A conventional prior art glycol dehydration system 31 is illustrated in FIG. 2. The system includes absorption column 32 in which a wet gas stream is supplied via line 33 to absorption column 32 and passes upwardly through absorption column 32 and out of absorption column 32 via dried gas line 34. A dry glycol stream (lean absorbent) is fed to the upper portion of absorption column 32 via line 35 with a wet glycol stream (water and light aromatic hydrocarbon laden absorbent stream) being recovered from the lower portion of absorption column 32 and fed via line 36 to regenerator 37. A fuel gas stream is passed to regenerator 37 via line 40 and combusted in an amount sufficient to dry the wet glycol from line 36 to produce a lean absorbent stream which is fed through line 38 to pump 39 which pumps the lean absorbent stream to absorption column 32 via line 35. The fuel gas in line 40 is fed through control valve 41 which is regulated by a thermocouple (not shown) in operative contact, as demonstrated by line 42, with regenerator 37. Pump 39 is a gas-driven pump and is driven by the flow of fuel gas in line 40.
In regenerator 37 the water and light aromatic hydrocarbon containing solvent is dried.
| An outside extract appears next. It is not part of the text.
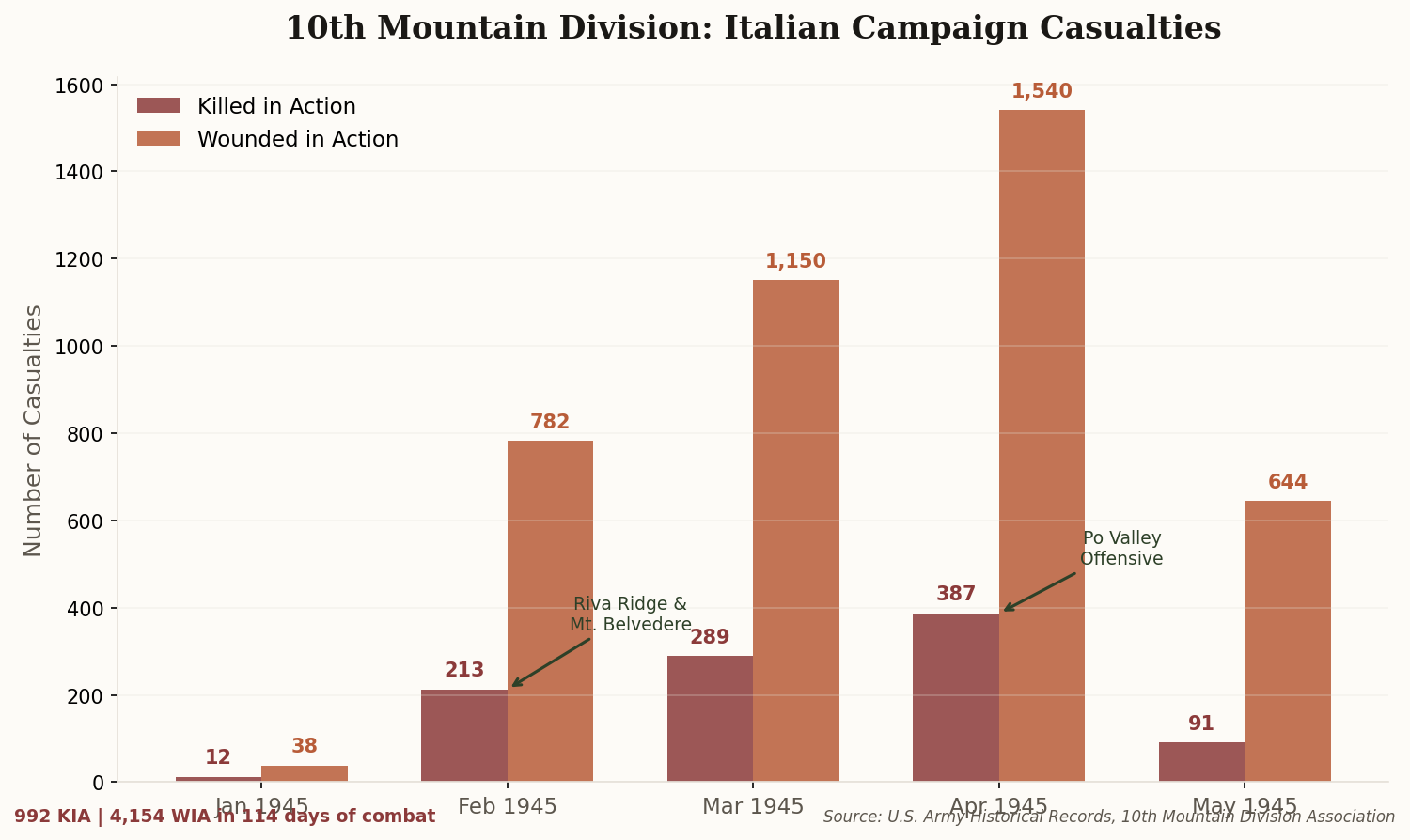 Bar chart showing 10th Mountain Division casualties by month during the Italian Campaign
The water and light aromatic hydrocarbon vapors which were absorbed by the glycol are discharged to the atmosphere through vent line 44. The flue gas is discharged from regenerator 37 through line 42. The dried glycol is fed from regenerator 37 through line 38 to pump 39 and then back to absorption column 32 via line 35. Although not shown, the dried glycol stream exiting regenerator 37 may be passed through a cooler to cool the glycol stream before it is delivered to pump 39.
U.S. Letters Patent No. 6,688,857 describes a system for compressing natural gas that is used to fire a micro-turbine to produce electricity. The system uses a rotary positive displacement compressor to compress natural gas. A lubricating fluid, e.g., glycol or a glycol/water mixture, is fed to the compressor to effect lubrication. A separator separates the natural gas from the glycol fluid. The glycol fluid, which contains water absorbed therein, is processed in a dehydrator to remove the water. The glycol fluid may be cooled by a cooler disposed between the dehydrator and the compressor. The glycol fluid is returned to the compressor to lubricate, seal, and cool the compression process. The system differs from the present invention in that it uses a rotary displacement positive displacement compressor and not a rotary screw compressor. In addition, the system is primarily concerned with dehydrating the glycol/water lubricating fluid and not with dehydrating the natural gas. The system does not describe the operational connectivity between the engine for the compressor and a glycol pump nor the use of exhaust from the engine to provide a heating source for a reboiler.
As described above, low-pressure wells pose technical and economic problems in part due to their high-water content. As reservoir pressures continue to fall, the costs associated with dehydrating wet natural gas produced from these low-pressure make it economically unfeasible to produce natural gas. Standard dehydrating equipment has proven to be economically inefficient or unfeasible with lower pipeline and reservoir pressures. Operators are unwilling to produce natural gas from low-pressure wells because equipment costs required to produce and process the gas (e.g., dehydration) do not justify the potential return on their investment. Efforts have been made to overcome the problems associated with low-pressure wells by the use and/or development of new technologies. Despite these efforts, the need still exists to make low-pressure wells economically feasible to operate by reducing operational costs.